The procreative power our Heavenly Father has given to each of His children on this earth through birth and maturity is such an incredible trust! Think of it, of all the possible opportunities to partner with the Father in His Creative work, He extends to us the chance to be co-creators of the physical bodies He gives His very children!

Adding powerful detail to the degrees of glory revealed to Paul, the Lord taught Joseph that, “In the celestial glory there are three heavens or degrees; "And in order to obtain the highest, a man must enter into this order of the priesthood [meaning the new and everlasting covenant of marriage]; And if he does not, he cannot obtain it. He may enter into the other, but that is the end of his kingdom; he cannot have an increase” (D&C 131:2-4). Increase means family. The procreative power will only remain in the eternities with those who will be exalted. It is the privilege and even the very essence of Godhood. 
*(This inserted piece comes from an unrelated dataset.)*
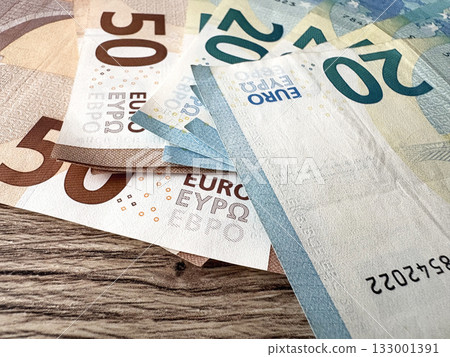 A close-up of euro banknotes fanned out on a wooden table. Fragments of 50- and 20-euro notes. A close-up of euro banknotes fanned out on a wooden table. Fragments of 50- and 20-euro notes. 133001391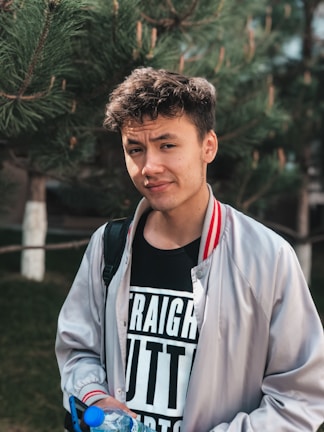 Young person holding an Aquabox bottle outdoors, smiling under natural sunlight.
It is such a privilege to wield procreative power in a lasting manner that no cheat, liar, or even lazy person will. Only those valiant in the testimony of Jesus (D&C 76:79), those who love not their lives even unto death (Rev. 12:11), those who sacrifice after the manner of the Son of God, those who make and keep sacred covenants. For the rest its use is momentary and, in eternity, fleeting.

Why does such a sacred and godly act have such a sordid reputation here on earth then? The answer lies at least partially in the raging jealousy of the devil and his followers.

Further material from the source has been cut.